- Awarded for: Contribution to literature in Bulgaria
- Presented by: Municipal Council of Pirdop
- Status: Currently awarded
- Established: 2007
- Total: 10

= Todor Vlaykov National Literary Prize =

The Todor Vlaykov National Literary Prize is a Bulgarian literary award that was established by a decision of the Pirdop Municipal Council in 2007.

It is named after famed Bulgarian literary figure Todor Vlaykov.
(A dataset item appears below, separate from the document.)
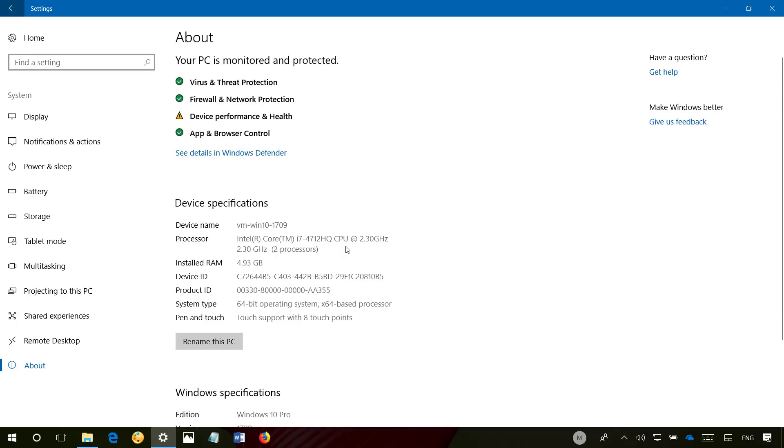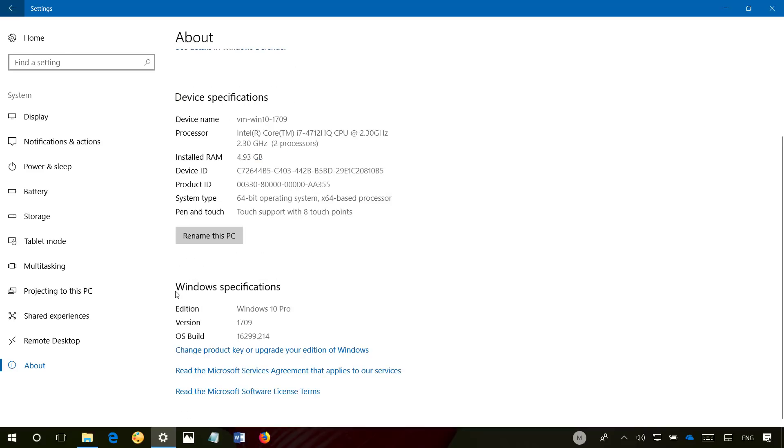The Windows 10 Fall Creators Update is technically known as version 1709 which indicates the year and month of the development completion. As you can see it right here,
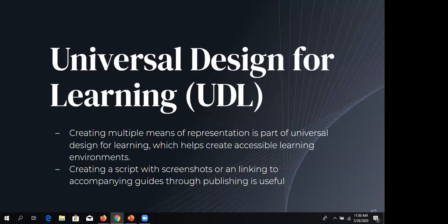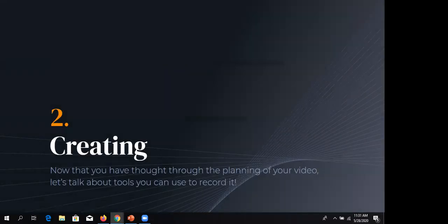One of my favorite concepts is Universal Design for Learning — a practice of thinking about creating multiple means of expression, action, engagement, and representation. For representation, having different elements in your video is important. Creating an accompanying textual guide — if you're doing a video about Scopus and you also have a LibGuide about it — linking to that guide in the video and in the YouTube comments is best practice. Not every video needs a companion website, but for heavily used videos I'd recommend it.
The award is presented every two years (according to the statute) during 'Vlaykov Day' in Pirdop, usually held around May 24. It consists of a statuette depicting the full-length figure of Todor Vlaykov (the designer of the sculpture is Ivan Lyubenov), as well as a cash prize of BGN 1,000.

== Recipients ==
- 2007 - Kancho Kozhuharov for the short story "The Relic"
- 2008 - Mihail Nedelchev for overall contribution to the study of the work and social and political activities of Todor Vlaykov, for the continuation of the traditions of radical democracy in Bulgaria, as well as for the restoration of the magazine "Democratic Review".
- 2010 - Georgi Danailov - for overall creativity
- 2012 - Alexander Hristov for the story "Africa", Olya Stoyanova for the story "Two loaves and a box of cigarettes", Ivan Dimitrov for the novel Promise of Summer and Dimitrinka Nenova for the work "When the heart speaks".